The notation I show further was taken from the online lecture on GP: http://videolectures.net/mlss2012_cunningham_gaussian_processes/?q=gaussian%20processed
It is assumed that observed data values y are defined in terms of noisy-free function f with added Gaussian noise $\varepsilon $.
$$ y=f+\varepsilon $$
I would solve the problem first by calculating the posterior distribution (1).
[1] Data posterior: $$ p\left ( f \right| y)=\frac{p\left (y|f\right)p\left (f\right )}{p\left (y \right )} $$
However, in order to get posterior (1), one needs to calculate the marginal likelihood, which is generally difficult.
[2] Marginal likelihood:
$$ p\left ( y \right )=\int p\left ( y|f \right )p\left (f \right )df $$
Finally, when one obtains the posterior distribution, it is possible to get the predictions by calculating other nasty integrals (3, 4).

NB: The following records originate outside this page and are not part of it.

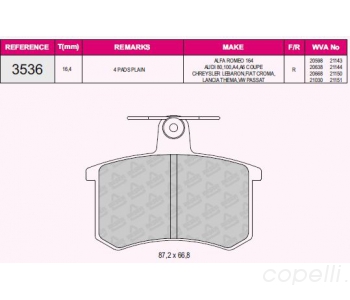 {Katagori} / ARKA BALATA TK. DISK VOLKWAGEN PASSAT 1.6-1.8-1.9 ALFA ROMEO 164 C 96- 60743565 20598 [BES-3536] 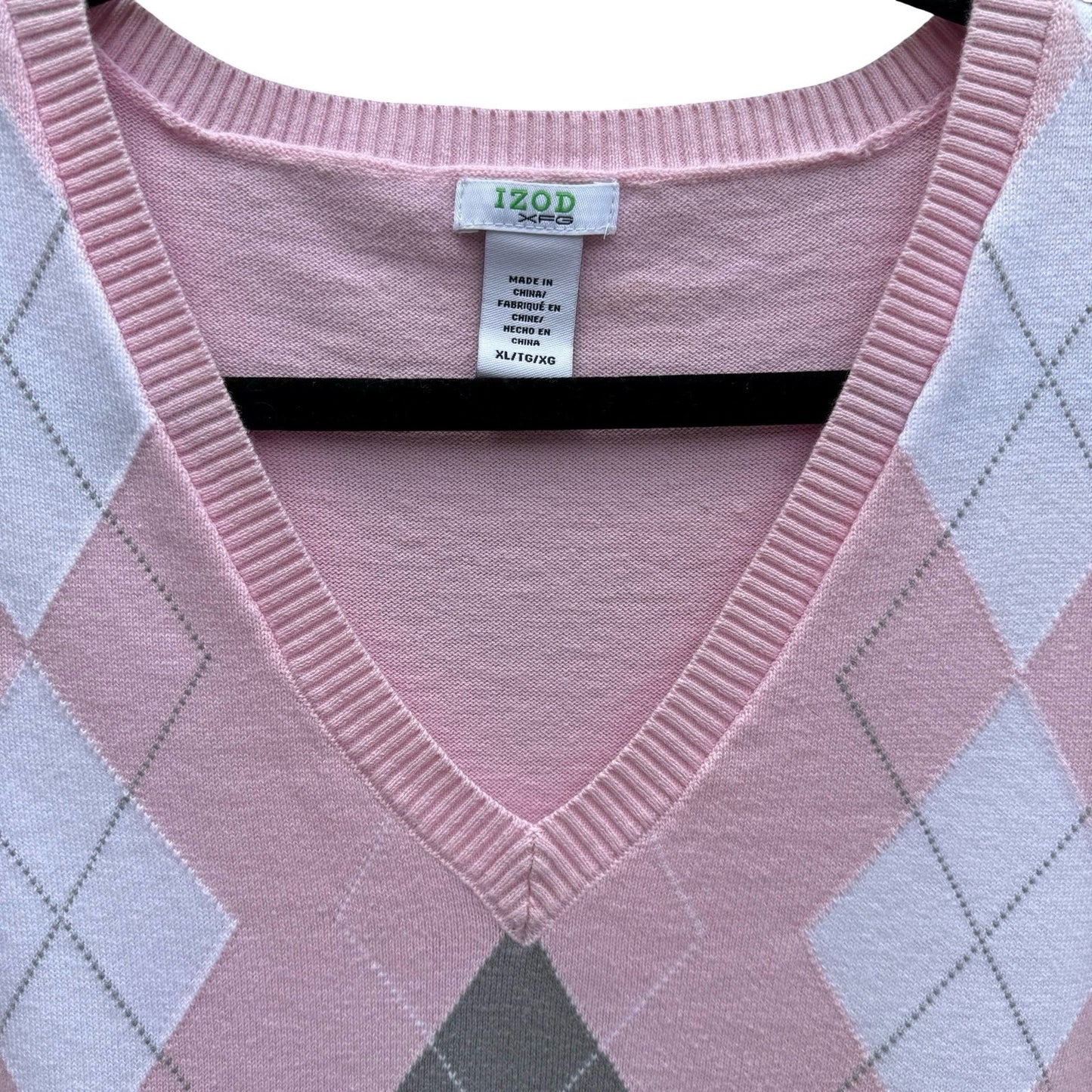 IZOD XFG Mens XL Pink Argyle Cotton V-Neck Sweater Vest Sleeveless Knit Preppy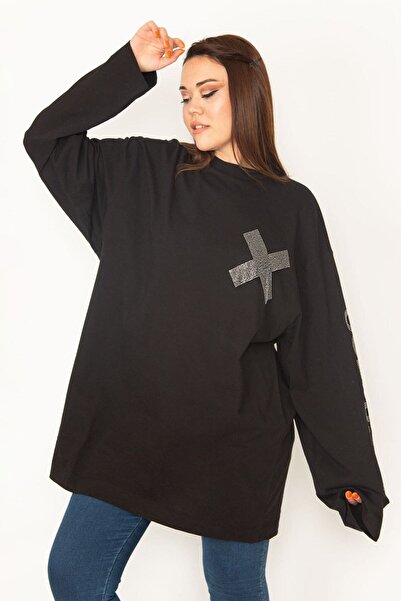 Şans Women's Black Large Size Cotton Fabric Stone Detailed Tunic 65n35776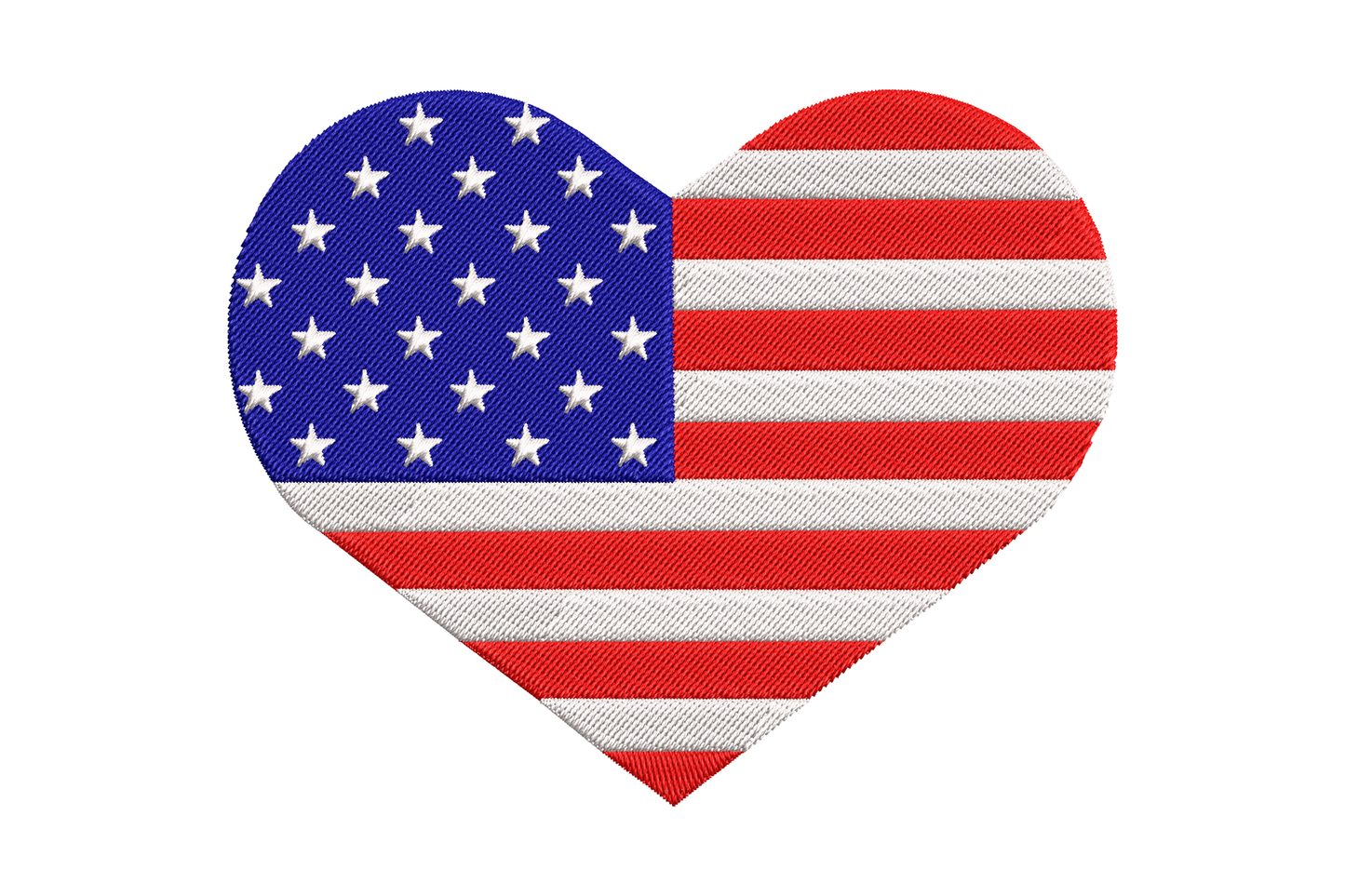 USA flag heart embroidery, navy star field left half, red and white stripes right half, no outline, clean patriotic colours.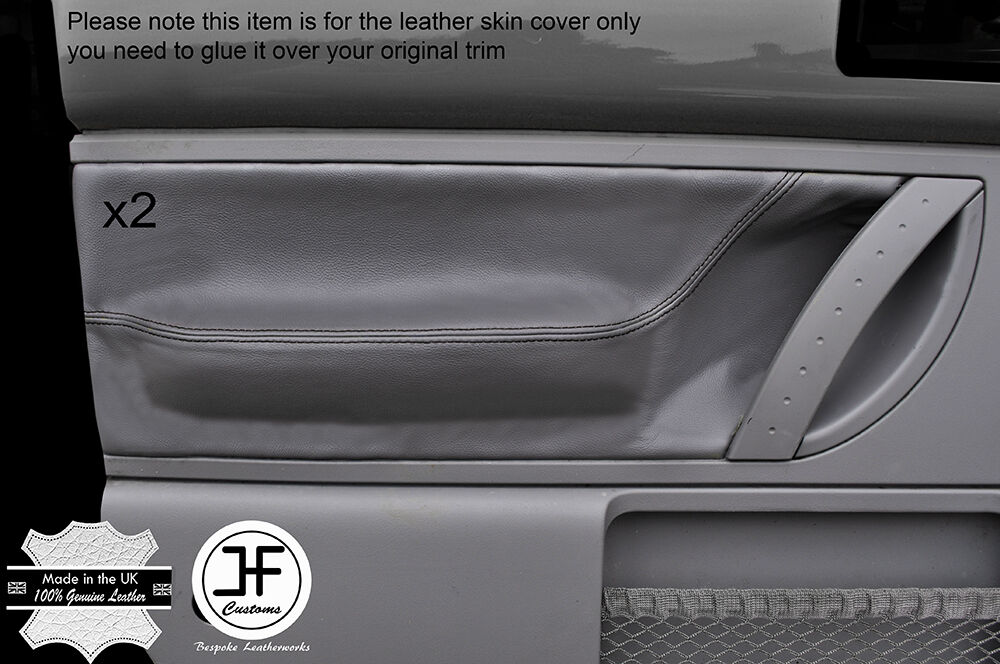 BLACK STITCH GREY LEATHER 2X FRONT DOOR CARD TRIM  COVERS FITS VW BEETLE 98-11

[3] Predictive posterior: $$ p\left ( f^{*} \right| y)=\int {p\left (f^{*}|f\right)p\left (f|y\right )}df $$
[4] Predictive distribution: $$ p\left ( y^{*} \right| y)=\int{p\left (y^{*}|f^{*}\right)p\left (f{^{*}}|y\right )}df^{*} $$
When I tried to do these calculations, I run into the problems that generated many questions:
- First,
I don't know how to make integrations over the space of functions (equations 2-4). Specifically, marginalization (upon computing marginal likelihood [2]) with respect to the latent function f specified by Gaussian process prior p(f) makes a little sense for me.
- Second,
It is known that for Gaussian likelihood (which is the case), the conjugated prior for the Gaussian process prior is again Gaussian process. It means that posterior probability distribution is Gaussian process and should integrate to 1 if it is valid probability distribution. I don't know what it means that Gaussian process integrate to 1 since Gaussian process is a distribution on function defined via mean function and covariance function (kernel). It is hard to see any relation of GP to some probability density function (pdf) over functions.
- Third,
if we want to do classification, we need change Gaussian likelihood to some function that maps any input given by prior to <0,1> interval. Posterior is not Gaussian process in this case but one should expect that posterior should remain some infinite dimensional distribution since it is a result of the product of likelihood and GP prior (which is itself infinite dimensional). In case it is true, does not have such a distribution positive semidefinite kernel (otherwise it can be GP) ???
- Fourth,
What is the predictive posterior good for [3] ??. I consider useful only the predictive distribution [4], which give us the predictions on new values of y* [4]. It is however sometimes denoted also as the predictive posterior or posterior predictive, which is a bit confusing.
- Last,
The posterior must be given by the product of prior and likelihood function. However, I do read often that in the case of GP classification, GP prior is squeezed between <0,1> (using eg. logistic or probit function) rather than being multiplied by sigmoid likelihood function. I am so confused.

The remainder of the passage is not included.